WASHINGTON – Hospitals around the country must develop diagnostic tests to quickly detect possible cases of the coronavirus that started in China and is spreading across the world, the U.S. Food and Drug Administration said.

The FDA, which has launched a website with key information about the virus, said in a statement released Jan. 27 that all tests for the virus must be done at the Centers for Disease Control and Prevention in Atlanta, because of a lack of commercially available products authorized to detect the virus.

“We have a vital mission to protect and promote public health and the FDA is closely collaborating with our domestic and international public health partners to mitigate the impact of the novel coronavirus that emerged in Wuhan, China,” said FDA Commissioner Stephen Hahn.

To date, there have been 165 suspected cases of coronavirus in the United States, of which 5 have been confirmed in California, Washington, Arizona and Illinois; 68 tested negative and 92 cases are pending, according to the CDC’s website. Outside of China, where the virus emerged in December, there have been confirmed cases in 19 countries including France, Japan, Australia and the United Arab Emirates.

The National Institute of Health is working with the CDC on creating next-generation diagnostics aimed at taking care of coronavirus patients that medical centers across the country will be able to easily access, said Anthony Fauci, director of the National Institute of Allergy and Infectious Diseases on Tuesday.

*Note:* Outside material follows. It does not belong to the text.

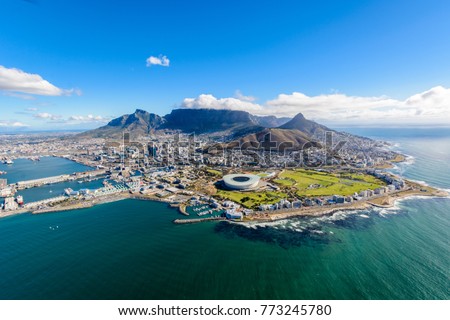 Aerial view of Cape Town, South Africa on a sunny afternoon. Photo taken from a helicopter during air tour of Cape Town Foto d'archivio ©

“We have already started at the NIH, and with many of our collaborators, on the developing of a vaccine,” Fauci said. “I anticipate, with some cautious optimism, that we will be in a Phase 1 trial within the next three months.”

Since Friday, President Trump has tweeted about the coronavirus twice, thanking Chinese President Xi Jinping for “[China’s] efforts and transparency.”

“We are in very close communication with China concerning the virus. Very few cases reported in USA, but strongly on watch,” he tweeted Monday.